ASSIGNED TASK: Pictures stay out of your copy, but everything else in the records below must be repeated exactly.

DATA FOR ANALYSIS:
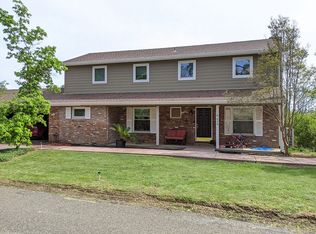 240 Kilham Rd, Auburn, CA 95603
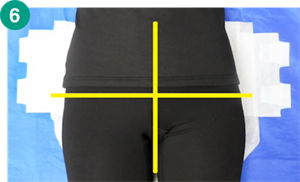 6.おむつが体に対して左右対象に置かれていることを示す画像。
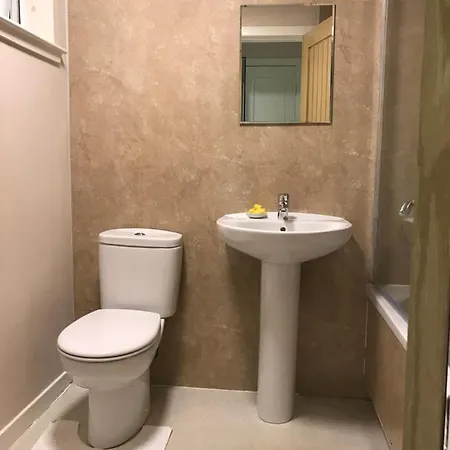Conaglen, One Bedroom With Stunning Views. Apartment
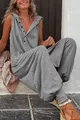 Detalle de un mono gris sin mangas con capucha, botones frontales y pantalones estilo harén relajado. - S / Top Y Pantalón / Gris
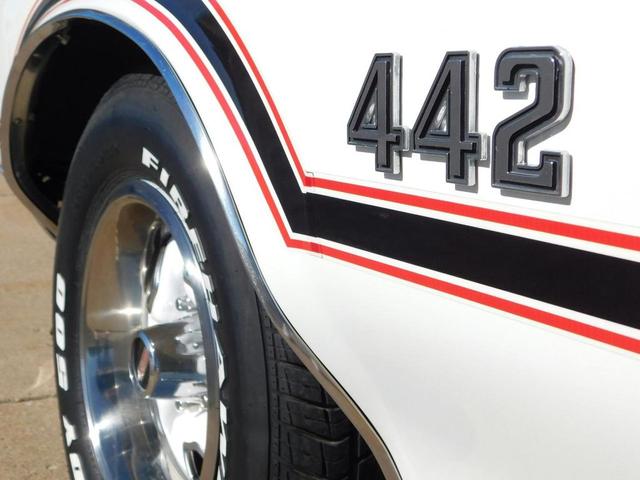Photo of 1970 White /Black Stripes Oldsmobile 442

RESPONSE TO THIS EXERCISE:
 240 Kilham Rd, Auburn, CA 95603
 6.おむつが体に対して左右対象に置かれていることを示す画像。
Conaglen, One Bedroom With Stunning Views. Apartment
 Detalle de un mono gris sin mangas con capucha, botones frontales y pantalones estilo harén relajado. - S / Top Y Pantalón / Gris
Photo of 1970 White /Black Stripes Oldsmobile 442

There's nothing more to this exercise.